Of course I agree that gold is ridiculously under-valued compared to stocks as a whole using the 20th century for comparison. Whether a rebalance occurs remains to be seen. But historically there is no doubt that the ratio is out of whack. Gold should be in the $600+ range right now just to rebalance things. However it is artificially depressed by the central bankers, the JP Morgan Chases & Goldman Sachs, and of course or own FED/treasury. The banks have a tremendous short position on gold. They don't want to lose that. Those same banks are probably taking it in the shorts on selling other commodities short too. Read that Greenspan article I mentioned. The govt has been slowly confiscating our wealth for 90 years and redistributing it as they desire. A strong gold price and published high inflation numbers do not support their game. Hence, the need to manipulate and control these markets and numbers because it messes up the fiat money ruse that began in 1913 with the creation of the Federal Ruse. And this fiat money system has been perfectly married into the stock market of 1980-2000. The banks and FED couldn't have been happier Many larger corporations today are a ruse too but until this whole Enron thing unravels over the next 5-10 years, the true affect of corporate accounting has yet to be felt. It's going to get much uglier still. But did stocks kick butt from 1982-2000? Sure? Will every 20 years be as good? Nope. Just look back at 1966-1982 when they stunk. Doesn't seem to make sense that 2002-2020 is the next big upmove for equities and paper assets. I'll stick with coins/gold/silver/oil/natural gas.
roadrunner (coin bug)
at 8% your money doubles every 9 years
at 6% its every 12 years
chart does not account for splits !Stock Chart
“No way an XF sS VDB could be had for $67 in '61”
Major, I don’t know if this coin could be” had” in 1961, but the price I quoted came out of the Red Book for that year.
“In his or her own way, many of us here is a speculator, and buys and sells accordingly.
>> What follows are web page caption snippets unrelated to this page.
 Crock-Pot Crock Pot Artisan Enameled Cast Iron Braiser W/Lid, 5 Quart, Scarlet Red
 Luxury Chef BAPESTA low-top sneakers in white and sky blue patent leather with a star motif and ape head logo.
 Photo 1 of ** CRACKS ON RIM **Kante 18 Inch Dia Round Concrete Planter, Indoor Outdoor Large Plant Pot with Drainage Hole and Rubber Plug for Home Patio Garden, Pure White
Count me in. There is too much at stake to do otherwise imo.”
“Of course I agree that gold is ridiculously under-valued compared to stocks as a whole using the 20th century for comparison. Whether a rebalance occurs remains to be seen. But historically there is no doubt that the ratio is out of whack. Gold should be in the $600+ range right now just to rebalance things.”
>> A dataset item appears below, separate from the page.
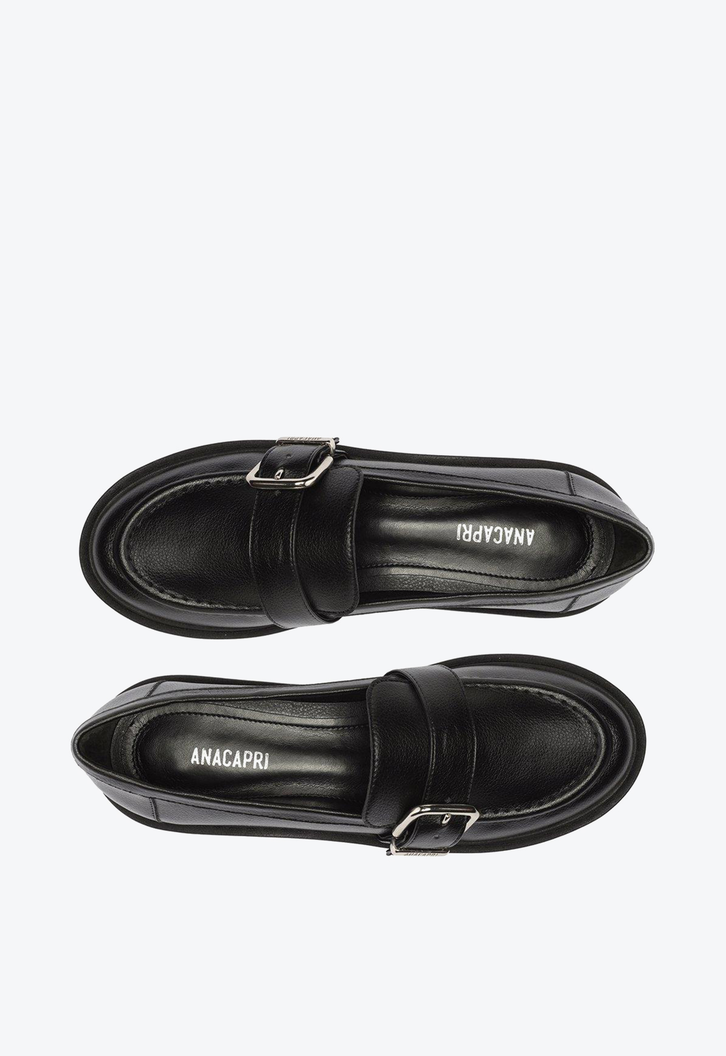 Mocassim Preto Anacapri Tratorado Fivela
Roadrunner, I see it takes a Lady to draw you out!
First of all I am sure you are right and many people here are speculators, and both buy and sell. The reason I started this thread is that I am a pure collector, and someone else can sell my coins when I am dead! It is not that I am not interested in the investment side, I worked hard for my money, and I am not going to waste it foolishly if I can help it. Being informed is one good way to protect your assets. I for one will be on the sidelines the minute I think that this market is moving into the bubble mode, and it is moving in that direction quickly.
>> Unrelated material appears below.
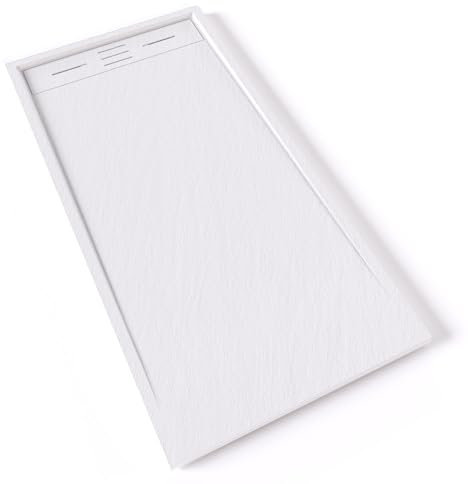 HIEMAL Receveur de douche 70 x 140 cm résine Blanc aspect ardoise + bonde incluse - Salle de bain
As far as gold being under valued, and”should be a $600”. I am beginning to change my opinion on that the more I learn. Gold should be a store of value, a hedge against the money printing presses of the World, and it appears it is doing that. You may be right, with all the new printing going on, perhaps it should be moved up, but as far as comparing it to Stocks, I think that the over priced/ manipulated stock market should move down.
All the classic rarities move in concert with each other and in general seem to just underperform the stock market over long stretches. That tells me that they are generally sold to successful businessmen who's income is derived from market forces.
Certainly coins that are not classic rarities have mixed results. If you buy 'stuff', usually it remains 'stuff' and doesn't perform well. If you are selective and buy great coins for the grade in desirable series, even in a down market you can hold your own and in an up market make some bucks.
Coins are not a good investment for most because it takes skill or luck to choose the right ones that will perform well through different markets. If you don't have that and are worried about your funds growing, your money is best put elsewhere. As for me, I put most of my disposable income into coins. I love numismatics and believe that a well formed collection is a great mix of pleasure and profit.
And similarly, the underpriced and manipulated gold market should move up.
I'll be heading to the exits with you Goldsaint when the manipulation of the coin market gets too ridiculous.
We've had 4 successive months of lowering foreign investment so the printing presses have been geared up the last 6 weeks. Now up to about $2 billion a week. Something has to keep monetizing our newly acquired debt. If the Asians won't do it, the treasury will.
roadrunner
Hey my friend lets keep in touch on that, we have one big benefit here with this forum that the guys did not have in 90.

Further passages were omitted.